Aufgrund spezieller Anforderungen im Betrieb von Krankenhäusern haben diese Gebäude eine komplexe Gebäudetechnik und damit verbunden einen besonders hohen Energieverbrauch. Tatsächlich gibt es aber auch ein großes Einsparpotenzial. Um das zu realisieren sind ein integriertes Planungskonzept und neue technologische Ansätze notwendig. Der vorliegende Beitrag stellt das Forschungsprojekt „Krankenhaus plus“ vor. Mit dem Projekt erfasste Daten und Ergebnisse sollen zur Bildung von Benchmarks genutzt Strategien zur Energieeffizienzsteigerung in Krankenhäusern entwickelt werden.

Für Krankenhäuser ist neben dem gebäudebezogenen Energiebedarf ein hoher betriebsbedingter Energiebedarf typisch. Der in VDI 3807 Blatt 2 angegebene Energieverbrauch liegt zwischen 19,8 und 37,2 MWh/a (Heizwärme) bzw. zwischen 4,7 und 10 MWh/a (Strom) je Krankenhausbett.

Es handelt sich dabei um Mittelwerte, die von der Anzahl der Betten des Krankenhauses abhängig sind. Unter der der Annahme, dass auf ein Bett eine Nutzfläche von 70 m² bis 100 m² kommt, ergibt sich eine mögliche Spanne von 200 kWh/m² bis über 500 kWh/m²a Heizwärmeverbrauch und von 50 kWh/m²a bis über 150 kWh/m²a Stromverbrauch.

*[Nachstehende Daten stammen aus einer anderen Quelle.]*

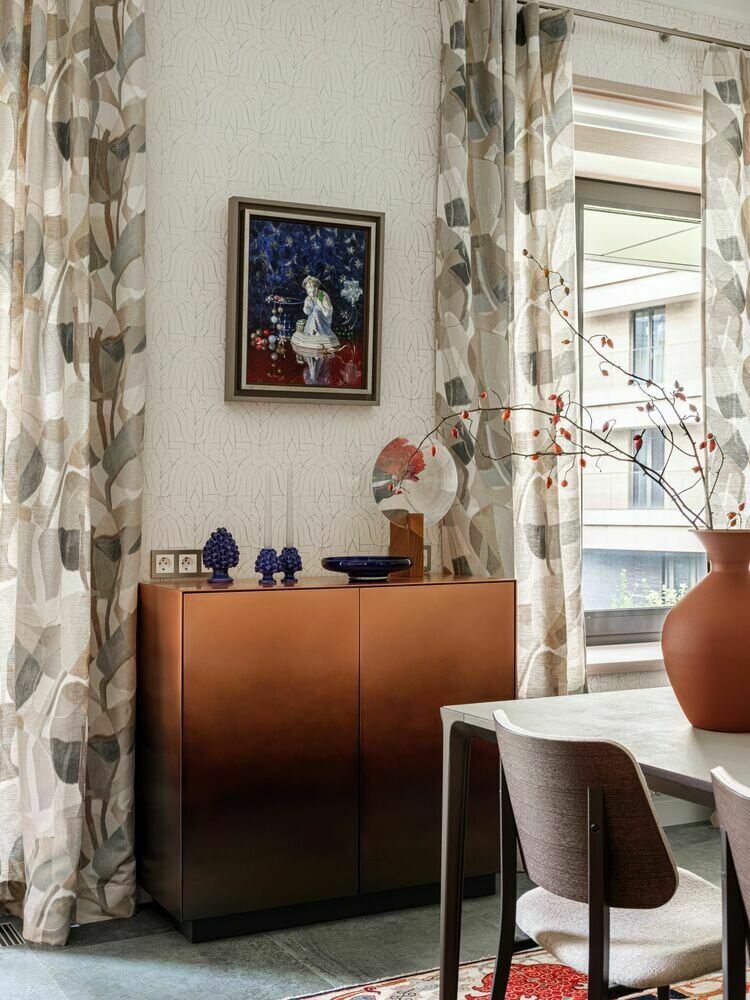 Фотография: Кухня и столовая в стиле Современный, Эклектика, Квартира, Проект дня, 4 и больше, Более 90 метров, Екатерина Митрошина, Анна Оробинская, Наталья Боник – фото на INMYROOM Фотография: Кухня и столовая в стиле Современный, Эклектика, Квартира, Проект дня, 4 и больше, Более 90 метров, Екатерина Митрошина, Анна Оробинская, Наталья Боник – фото на INMYROOM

Im Zusammenhang mit der langfristigen Entwicklung eines Krankenhausstandortes mag eine vollständige energetische Sanierung im Einzelfall möglich sein. Um ein volkswirtschaftlich großes Einsparvolumen zu erschließen, müssen jedoch auch in den vielen Fällen, in denen dieses Optimum nicht umsetzbar ist, die aufgrund der jeweiligen Situation eines Hauses gegebenen energetischen Chancen bestmöglich genutzt werden können.

Neben baulich erschließbaren Einsparpotentialen liegt der Schwerpunkt im Forschungsprojekt "Krankenhaus plus" auf energieeffizienten Kühltechniken, beispielsweise adiabate Abluftkühlung, sowie auf Luftbefeuchtungs- und Luftentfeuchtungstechniken, beispielsweise sorptionsgestützte Verfahren, die ebenfalls einen großen Einfluss auf den Energieverbrauch in Krankenhäusern haben. Der Fokus liegt auf den wirtschaftlich erschließbaren Potentialen.